● TASK DESCRIPTION
Reproduce word for word the lines from the beginning of the entries to the line with "12 Pack 7 Gallon", both included, but none of the pictures.
--- RECORD EXTRACTS Enclosed Below ---
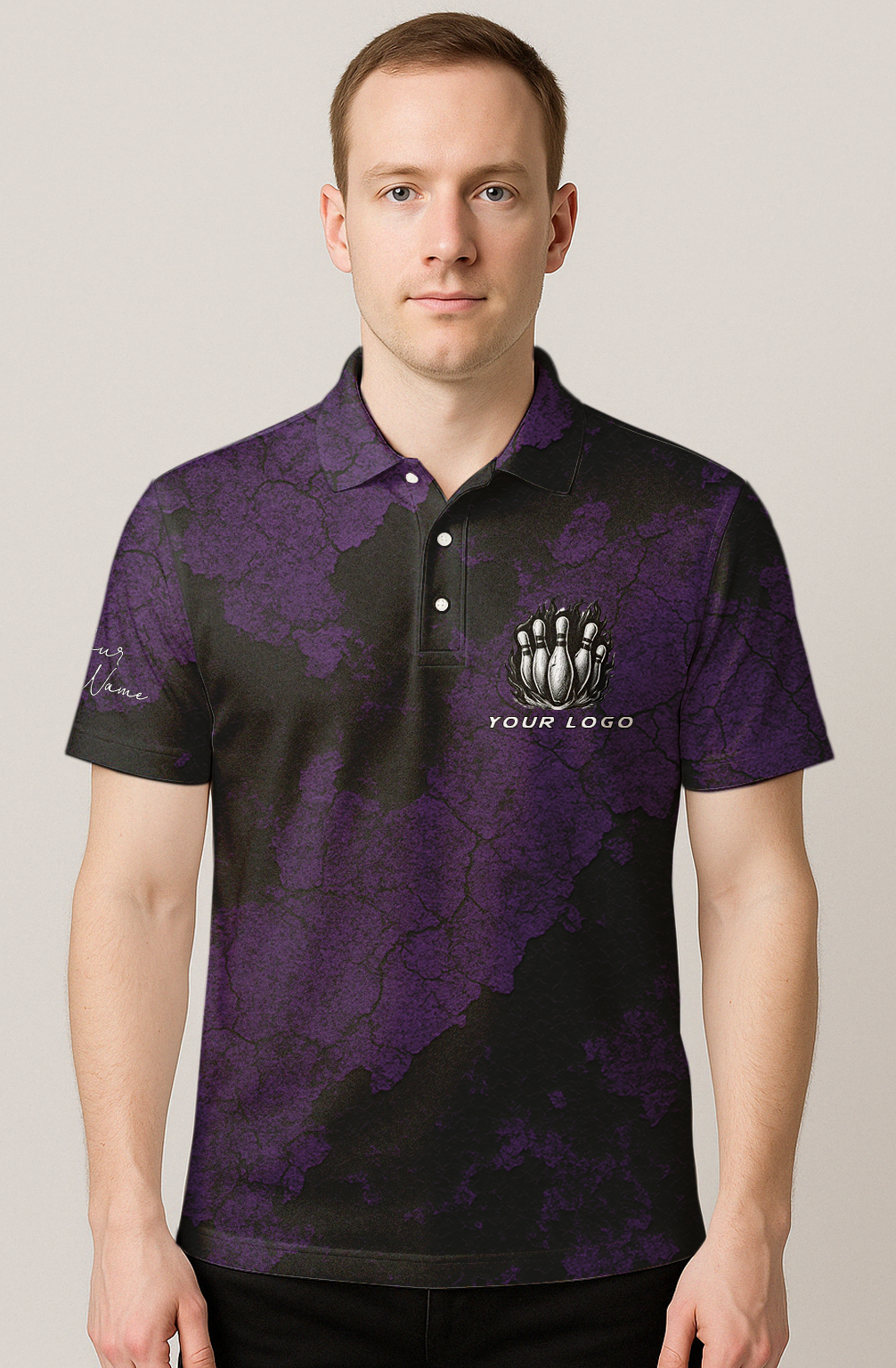 Dark Grunge Cracked Texture Bowling Jersey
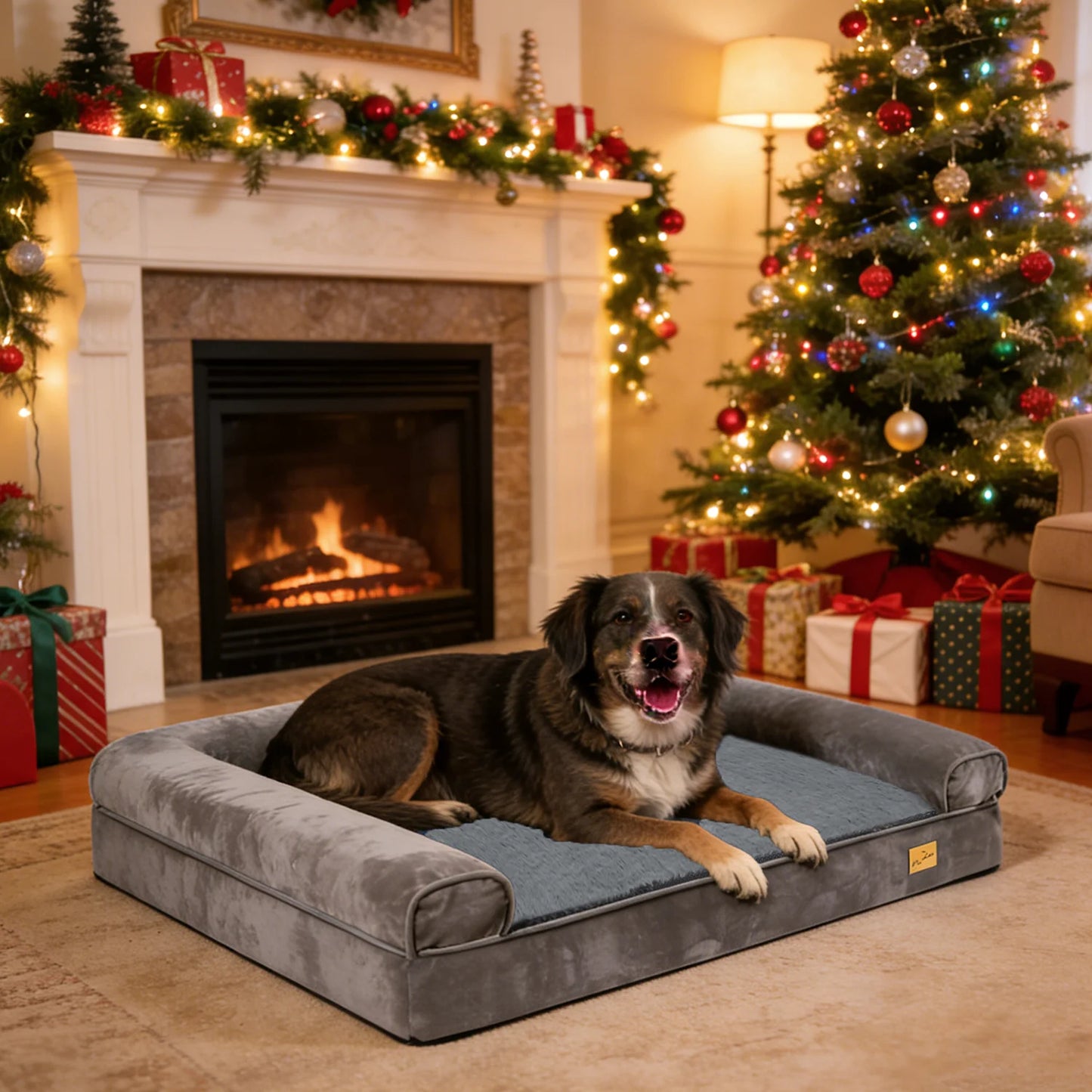 Borwart Orthopedic Memory Foam Dog Bed With Removable Cover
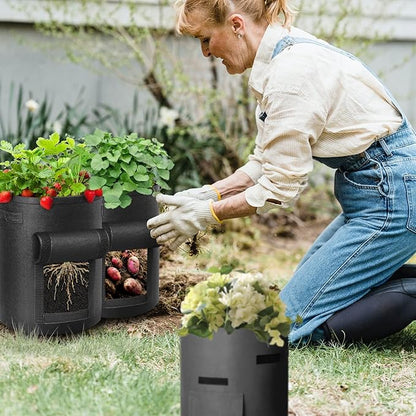 12 Pack 7 Gallon Potato Grow Bags, Heavy Duty Nonwoven Fabric Garden Planting Bag Plant Container with Flap and Handles, Aeration Fabric Pots for Growing Vegetable, Fruits and Flowers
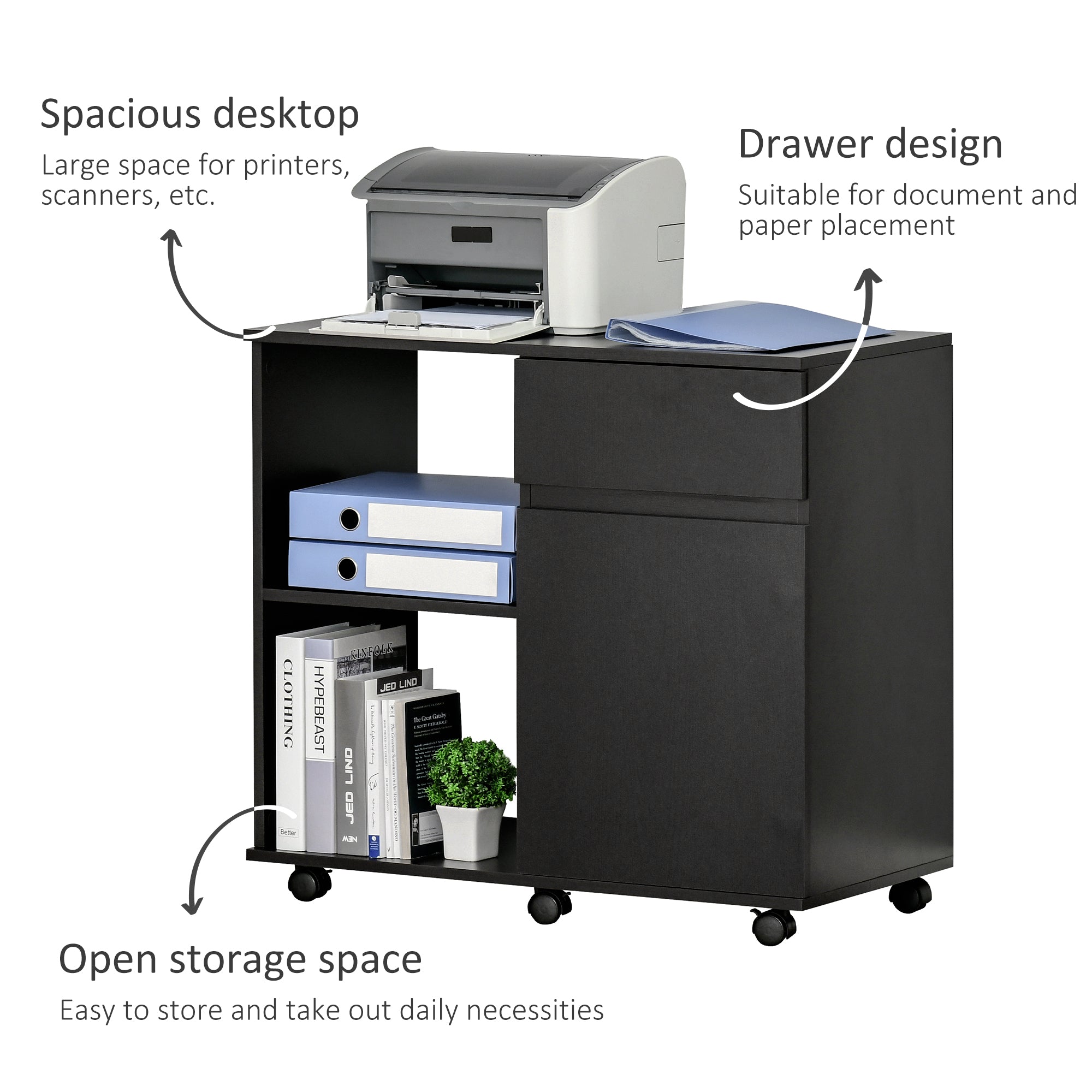 Filing Cabinet, Mobile Printer Stand with Open Storage Shelves, Drawer and Cabinet for Home Office, Black Office Cabinets & Cupboards   at Gallery Canada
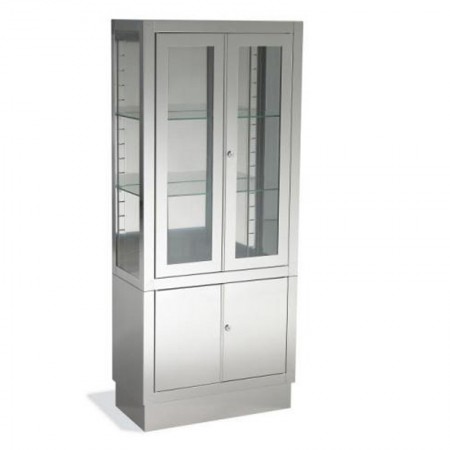 VITRINA PIE 4 PUERTAS INOX 60 X 30 X 140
--- End of Enclosed RECORD EXTRACTS ---
● OUTPUT FOR THIS TASK
 Dark Grunge Cracked Texture Bowling Jersey
 Borwart Orthopedic Memory Foam Dog Bed With Removable Cover
 12 Pack 7 Gallon Potato Grow Bags, Heavy Duty Nonwoven Fabric Garden Planting Bag Plant Container with Flap and Handles, Aeration Fabric Pots for Growing Vegetable, Fruits and Flowers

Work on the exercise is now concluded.